Traverse – descend from root to leaf. Cost proportional to tree depth. Favors wider trees (GD-8: 32 levels vs GD-5: ~52 vs GD-4: 64 levels).
Rehash – recompute the internal subtree of every node on the path back to root. Cost proportional to 2^g - 1 per node. Favors narrower trees (GD-4: 15 ops/node, GD-5: 31 ops/node, GD-8: 255 ops/node).
Commit – serialize and write modified nodes to disk. Cost proportional to node size. Favors narrower trees.

GD-5 finds the minimum of the traversal x rehashing trade-off for writes. Its path is 19% shorter than GD-4 (~52 vs 64 nodes), and each node’s 31 internal operations remain manageable. At GD-6, rehashing costs rise moderately – 283 ms vs 242 ms for GD-5 (+17%) – but reads and mixed workloads still improve. The write-specific inflection point lies between GD-5 and GD-6 (hash/read ratio crosses 1.0), while reads peak at GD-6.

Five Patterns That Hold Across All Group Depths

Pattern 1: State reads dominate. 50–85% of block processing time is spent reading state from disk, regardless of group depth or benchmark type. state_read_ms includes account and code lookups in the unified trie, not just storage slot reads.

Pattern 2: Random access is ~40x more expensive per slot. Keccak-hashed keys (ERC20) cost 0.4–1.0 ms/slot vs 0.02 ms/slot for sequential access (synthetic). The gap is driven by Pebble block cache misses on keccak-scattered keys.

Independent NVMe page-read benchmarks confirm that random vs sequential I/O explains nearly all of this penalty (see Section 7 Hardware Context for details).

Pattern 3: Cache hit rates plateau at ~37–39%. Despite increasing group depth, the storage cache hit rate never exceeds ~39% for keccak-hashed workloads.

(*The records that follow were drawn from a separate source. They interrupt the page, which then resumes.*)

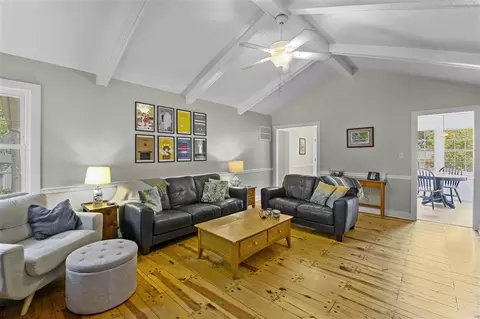 304 Danforth Ct, Raleigh, NC 27615 photo 6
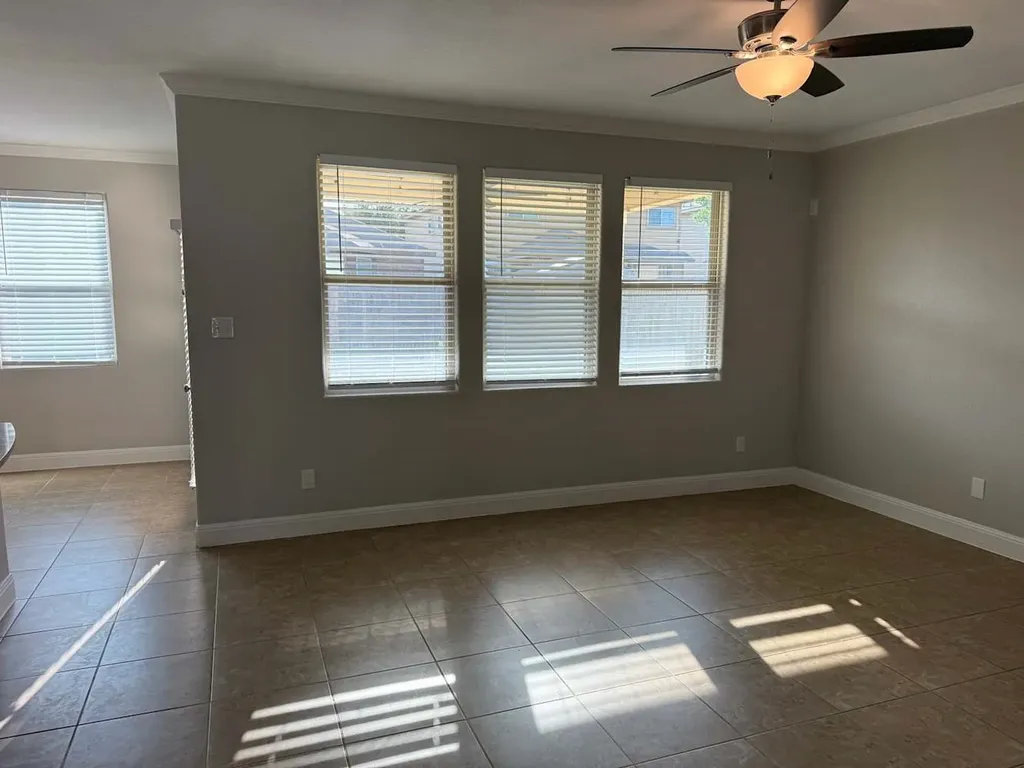 2527 Middleground San Antonio TX 78245
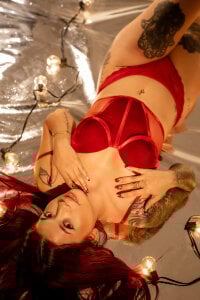 Ami_Berner Merry Christmas Pic 3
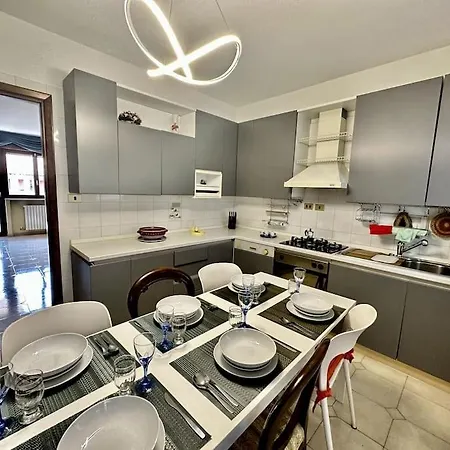 Elegante Attico Bilivello Con Vista Sulla Mole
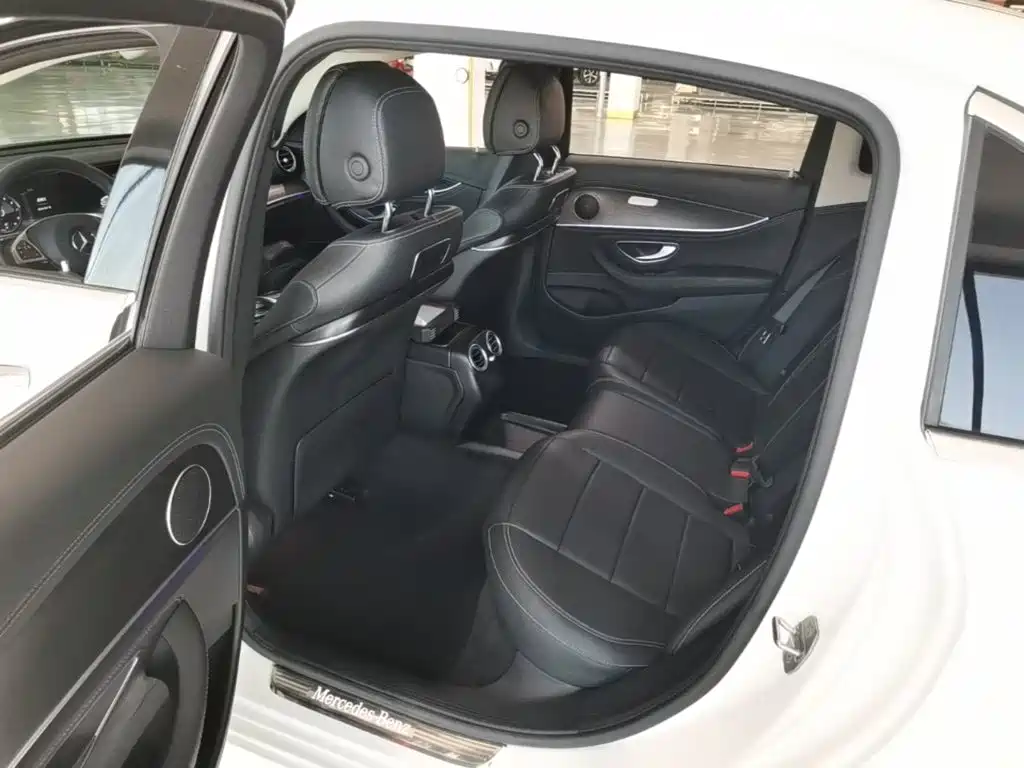 Mercedes-Benz E-Class — миниатюра 17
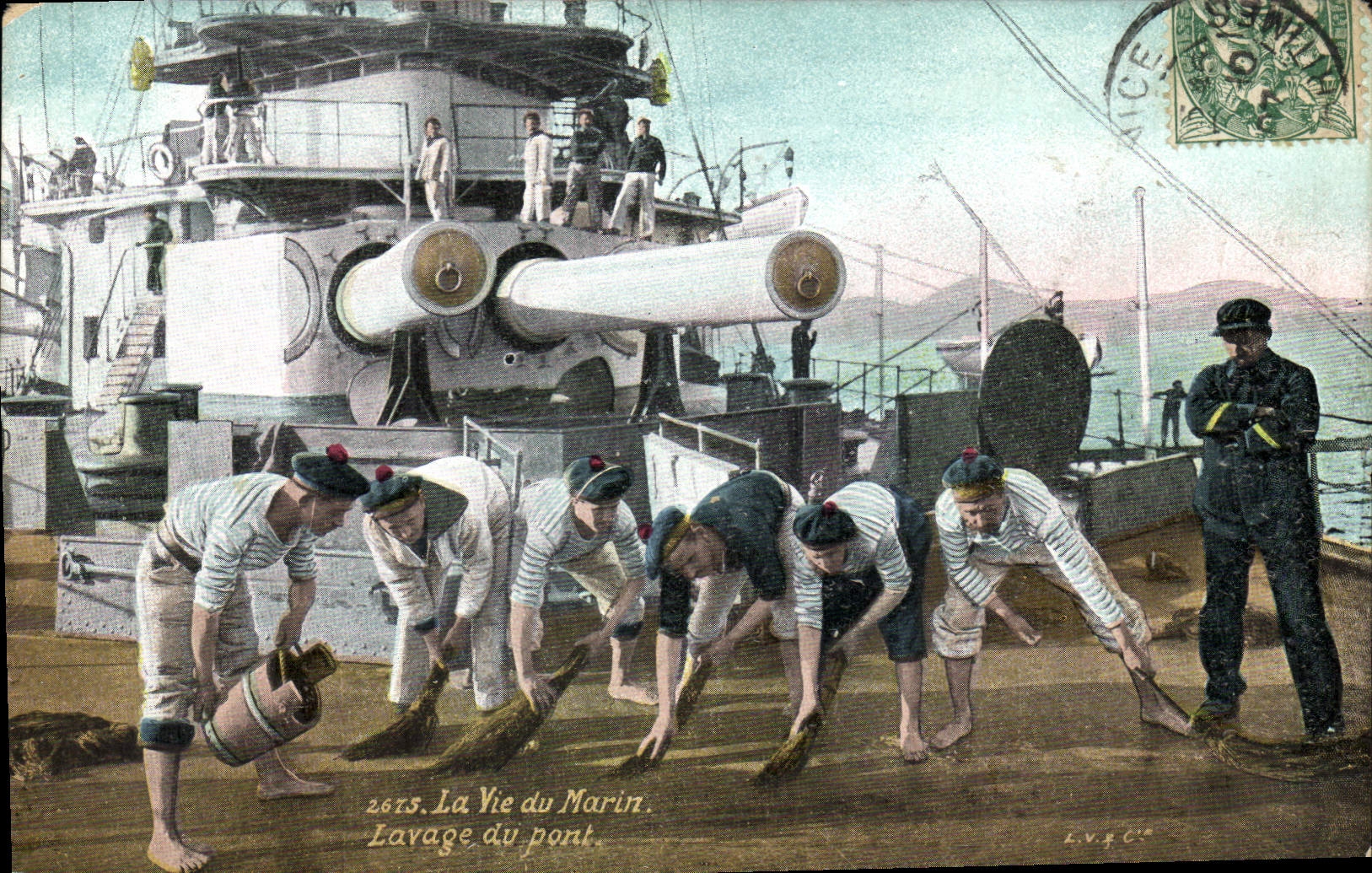 CPA Militaria Marins La vie du marin Lavage du pont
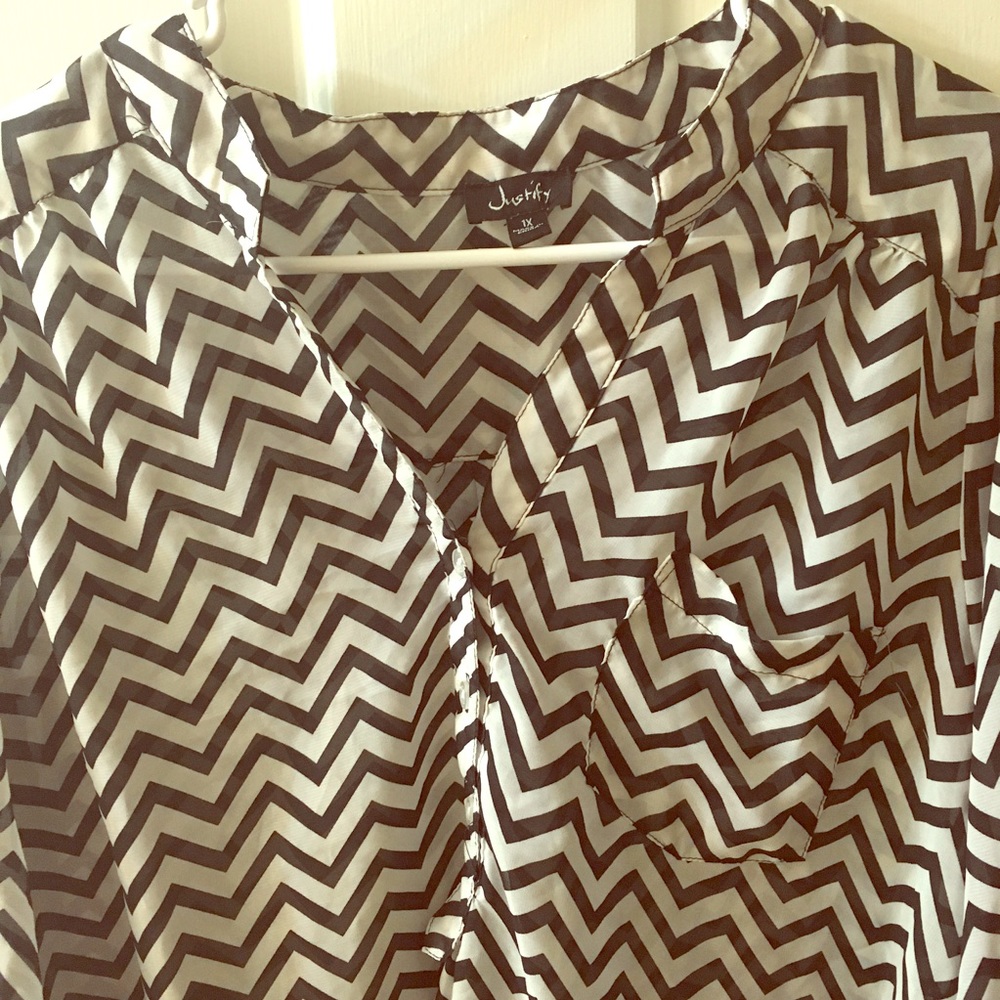 Black & White chevron top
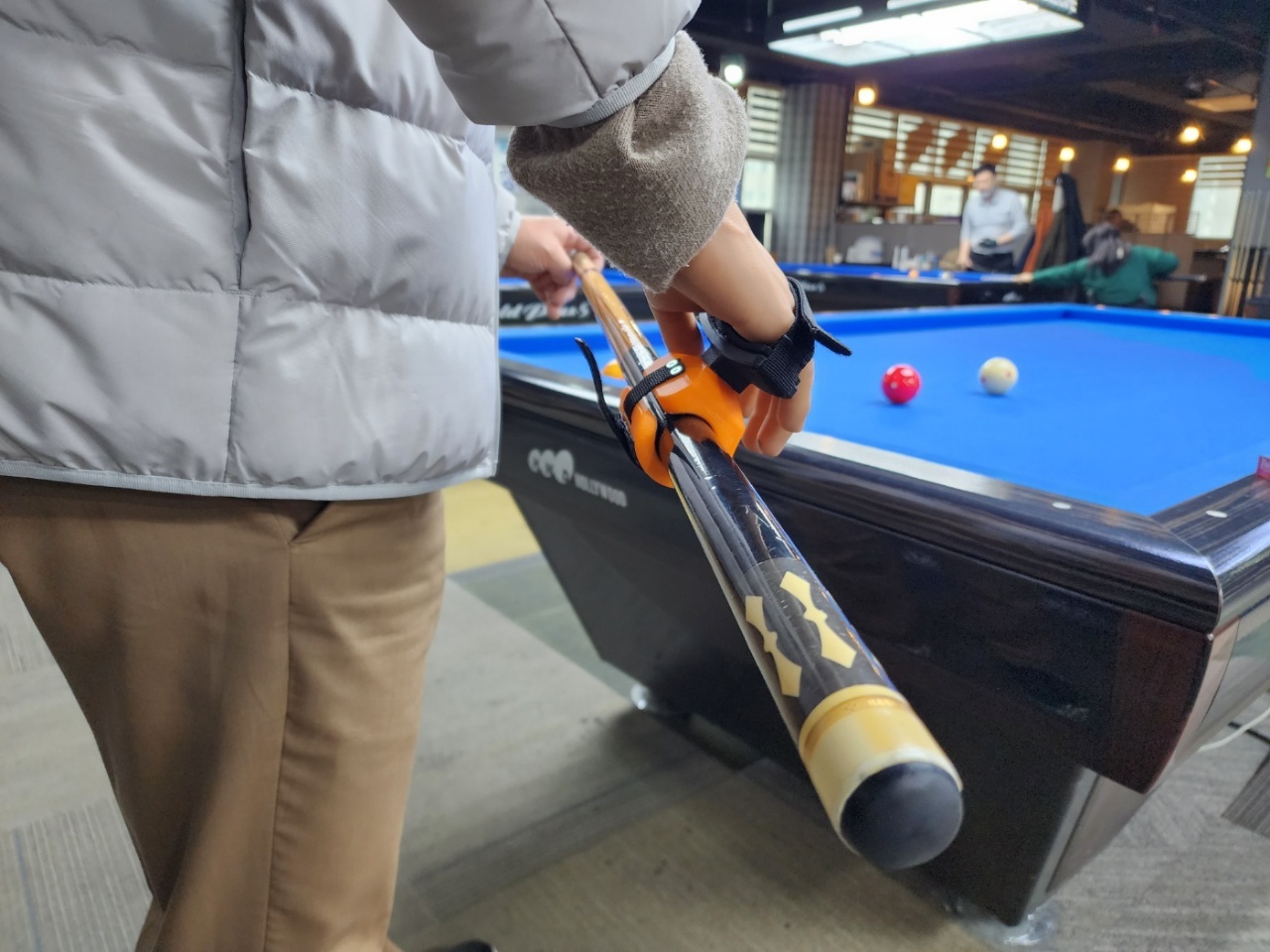 의수 사용자용 당구봉 쥐기 보조기기 제작사례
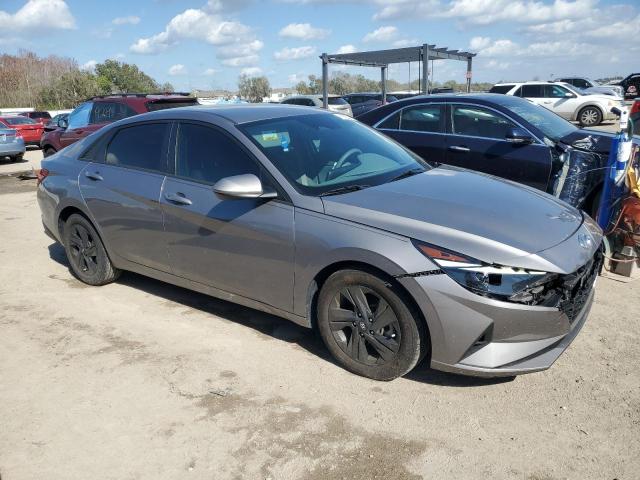 KMHLM4AG8MU126136 - 2021 HYUNDAI ELANTRA SEL GRAY photo 4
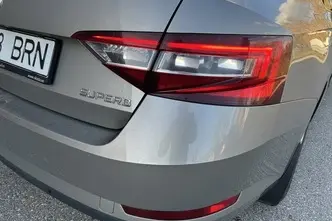 Škoda Superb, 1.4, 110 kW, bensiin, manuaal, esivedu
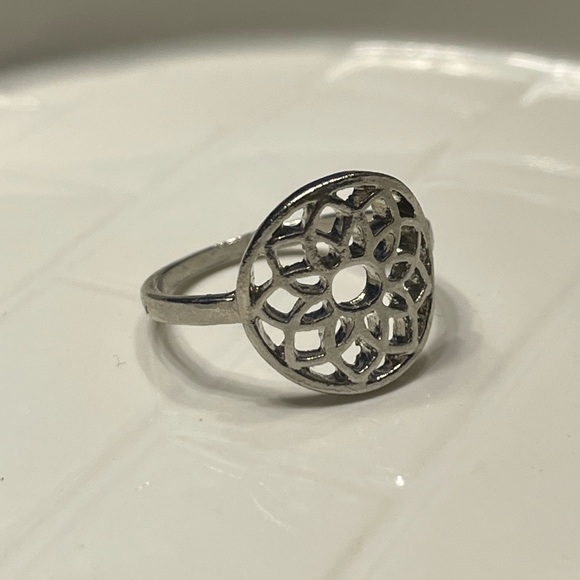 Ring ❤️‍🔥 - Picture 3 of 5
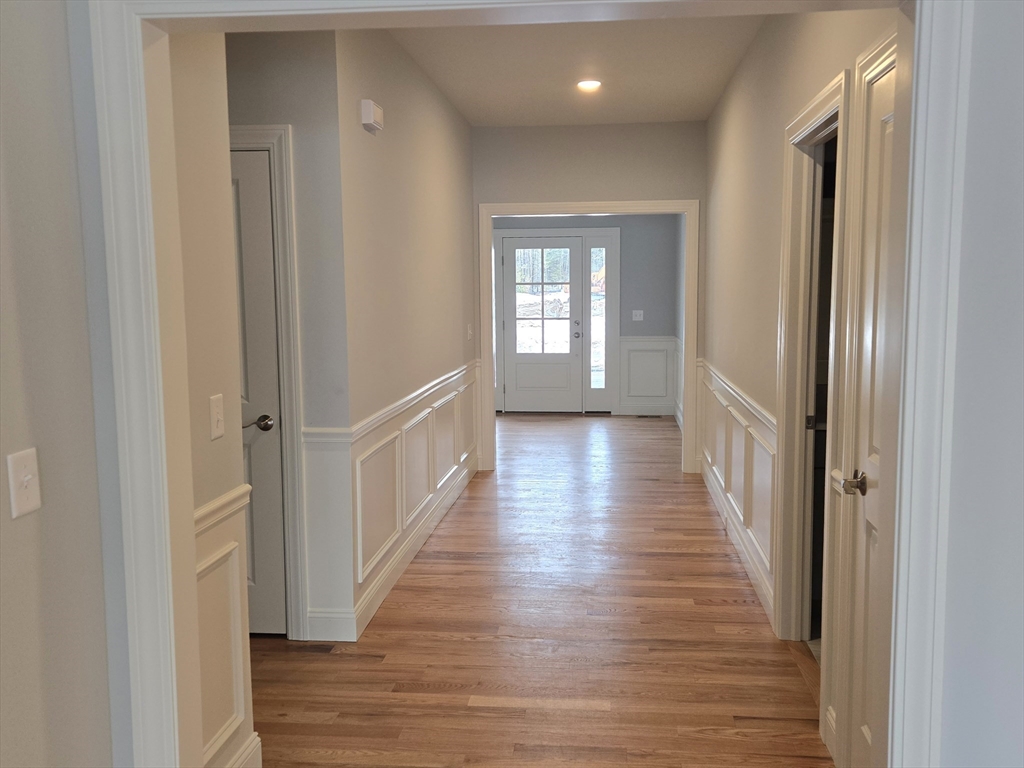 59 Liberty Lane Enfield, CT 06082 - Photo 4 of 26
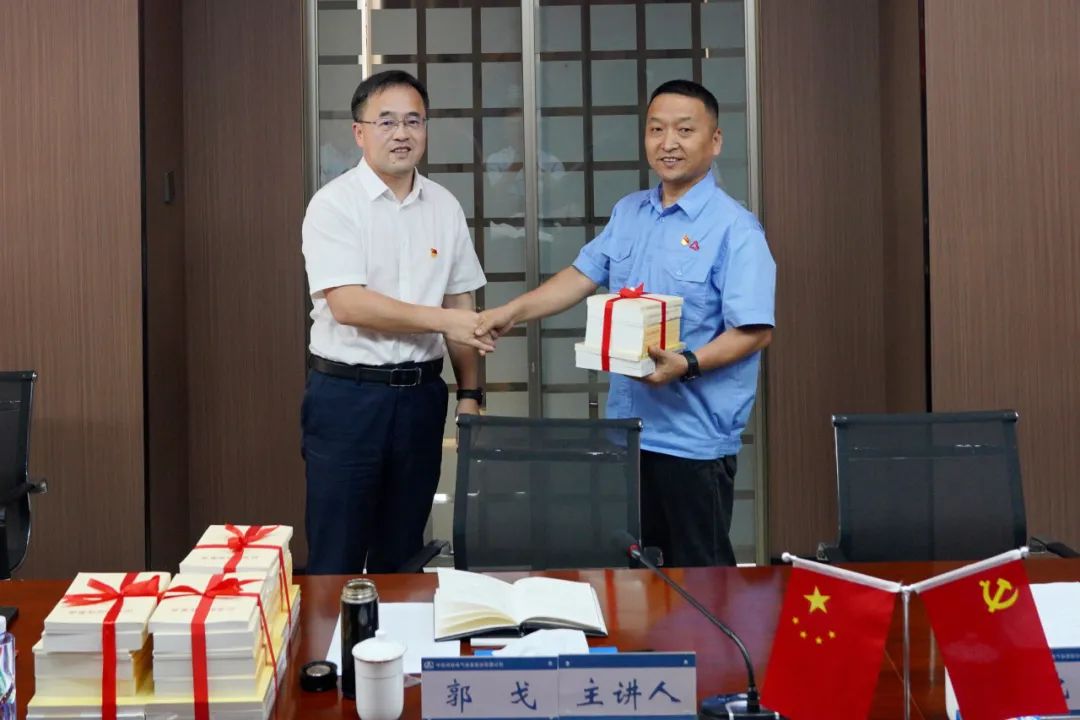 071691367106714211.jpeg 郭戈向聯(lián)系點支部贈書.jpg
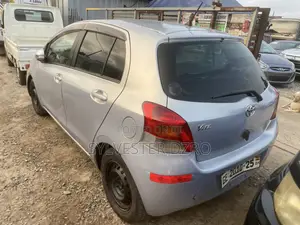 Toyota Vitz 2010 Silver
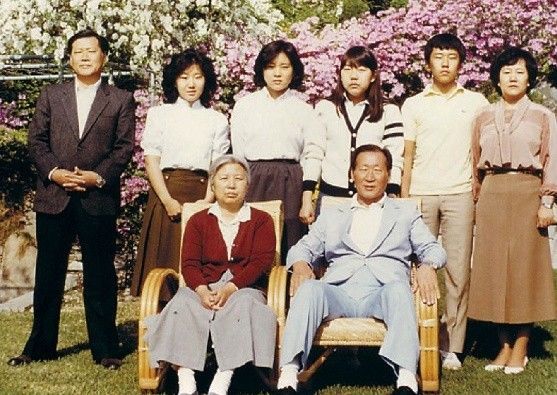 청운동 자택에서 현대 일가가 가족 사진을 찍고 있는 모습. (왼쪽 뒷줄부터) 정몽구 명예회장, 정성이 이노션 고문, 정명이 현대커머셜 사장, 정윤이 해비치호텔앤드리조트 고문, 정의선 회장, 정 명예회장의 배우자 이정화 여사. (앞줄 왼쪽부터) 故 변중석 여사, 아산 정주영 선대회장.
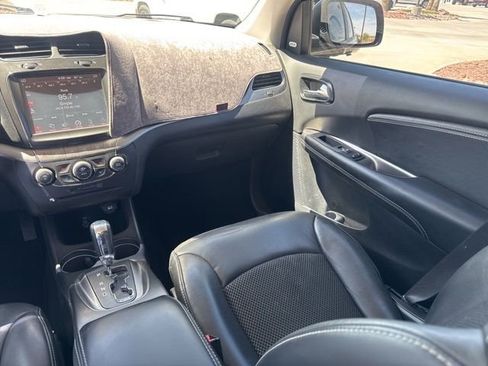 Used 2020 Dodge Journey Crossroad w/ Rear Seat Video Group I FWD image 16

The 256-bit keyspace is too sparse for meaningful cache reuse beyond shared upper-level trie nodes.

Pattern 4: Trie updates are negligible for reads, dominant for writes. balanceOf (pure reads): trie_updates \lt 1.3 ms. approve (reads + writes): trie_updates up to 691 ms (GD-1). This asymmetry means the node-width trade-off only matters for write workloads.

Pattern 5: Run-to-run CV mostly \lt 10% on Mgas/s. Phase 3 verified cold-cache drops (120+ successful, 0 failures) produce reproducible results across all eight configurations. The improvement from earlier phases validates the cold-cache methodology.

Open Questions

Pebble block size interaction. All tests used 4KB blocks. NVMe page-read benchmarks show that random 16KB reads achieve 2.3x the throughput of 4KB reads (174 vs 77 MB/s) with only 1.8x the latency (89.7 vs 50.6 µs). Larger Pebble blocks could significantly benefit wider group depths whose serialized nodes exceed 4KB.
Concurrent block processing. These benchmarks process blocks sequentially. Parallel execution engines might amortize trie updates across cores, reducing the per-node rehashing penalty of wider group depths. NVMe queue depth benchmarks show that QD=8 improves random 4KB throughput 8.7x over QD=1 (673 vs 77 MB/s). If parallel execution increases effective I/O queue depth, read latency differences between group depths may compress significantly.

Benchmarks run on the Ethereum execution-specs framework. Methodology, raw data, and reproducibility scripts available in the execution-specs repository.